Data Integration

What is Data Integration?

Data integration is the process of combining data from multiple different sources in order to extract additional value. The process usually involves actions like joining, cleansing, validating and enriching the data along the way.

It's not unusual to find, even in smaller organizations, dozens of applications being used. In larger organizations the applications can number in the thousands. Being able to work with all the data you have, across different applications, is essential in order to understand the information that your data holds. 

Think for example of a situation where you need to combine various Excel spreadsheets with the information held in an Access database - this is a simple data integration task.
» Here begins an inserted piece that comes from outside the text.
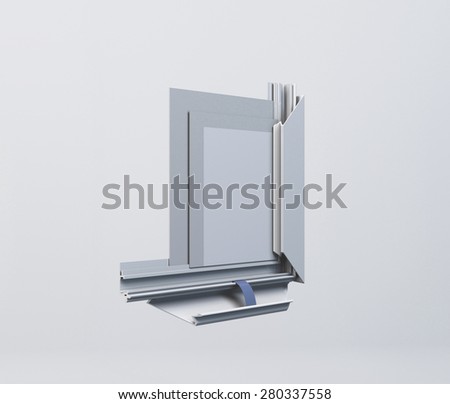 aluminum profile frame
At the other end of the scale is an extensive business intelligence platform that needs to work with data from maybe a customer database, web analytics platform, an invoicing system, stock management platform and third party systems such as address databases.

Data Integration Examples

  • For a 360 degree customer view: By combining data from CRM applications, marketing applications and accounting systems, companies can derive interesting insights about how customers react to various marketing campaigns and measure effectiveness, compared to campaign cost and actual sales data.
Blog: Integrating Legacy Data with Salesforce
  • Creating a data warehouse: Typically created to store data collected from many different applications, data in a data warehouse is formatted so that a unified view of a whole department, or even the whole company, can be easily and effectively queried.
  • Data migration: A data migration project often requires integrating data from two (or more) sources into a single new system. For instance, migrating a customer database and a marketing system into one new CRM.

Types of Data Integration

Data Consolidation

Data consolidation is a process that combines data from multiple systems and stores it in a single location. The goal is to simplify the application landscape with a single data location for other applications, such as BI, reporting and data mining, to access without having to deal with the complexities and often impossibilities of dealing with the data at source.
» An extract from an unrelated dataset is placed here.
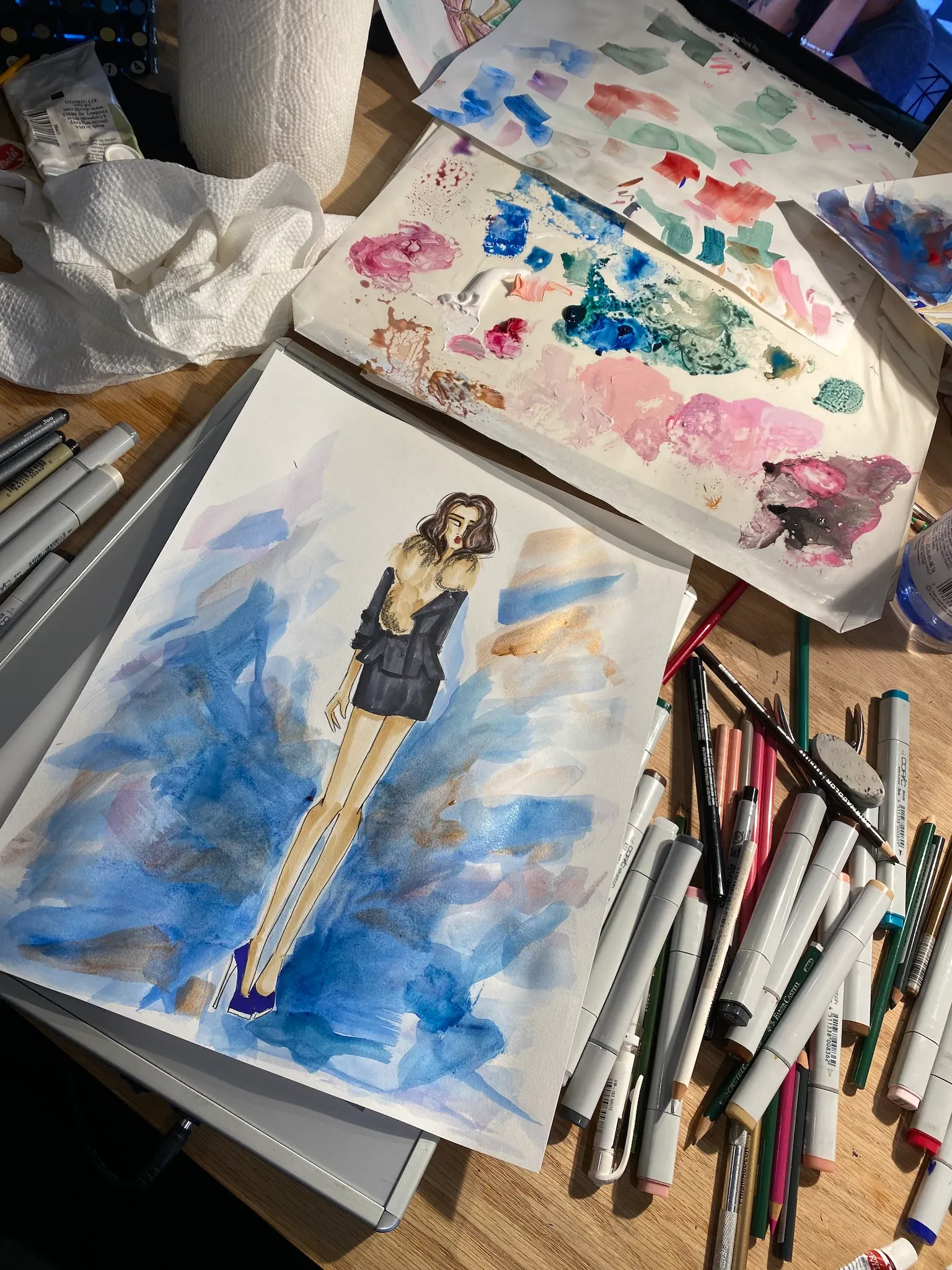 Behind the Scenes 24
A very common example of data consolidation is a data warehouse. The primary objective of a data warehouse is to aggregate any information that is spread across multiple systems and present it to reporting or data mining systems in order to extract maximum value from the available data from a single data source.

Enterprise Data Architecture Guide - download now

Data Propagation

Data propagation is an integration process that copies data from one system to another. This is often used to enrich data in a system by adding more information that can be found elsewhere or to prevent the need for duplicate data entry in multiple applications.
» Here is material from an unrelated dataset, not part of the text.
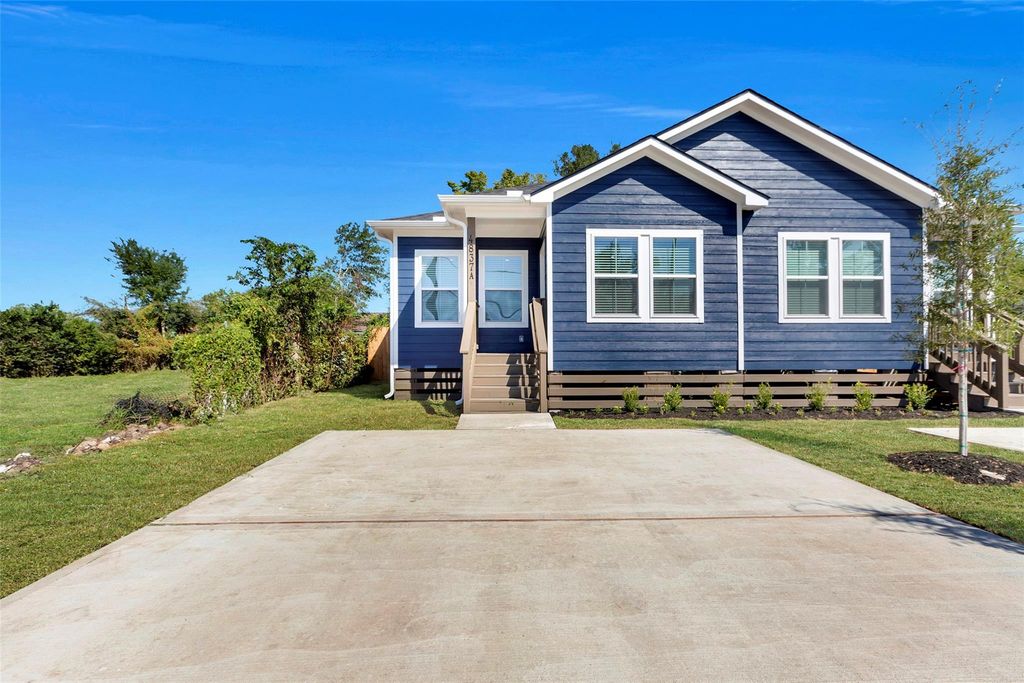 4837 Paula Street A, Houston, TX 77033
For example, enriching a licensing application with data from a CRM application can allow teams that manage licenses to serve customers more effectively by avoiding the need to use two different applications and enter customer information into both.

Another common data propagation task is the propagation of data from production systems to QA or pre-production labs in support of end-to-end testing of various in-house applications during their regular development and maintenance cycles.

Such data propagation often involves logic that anonymizes data or selects just a subset of the source data due to security or volume considerations.

Virtualization

Data virtualization provides a near real-time unified view of the data in multiple different systems without having to store all of the data in a single location.

When data is queried, the virtualization system queries the source systems and builds a unified view of the data on the fly. Various caches are often employed to ensure that queries are fast and do not overload the source applications.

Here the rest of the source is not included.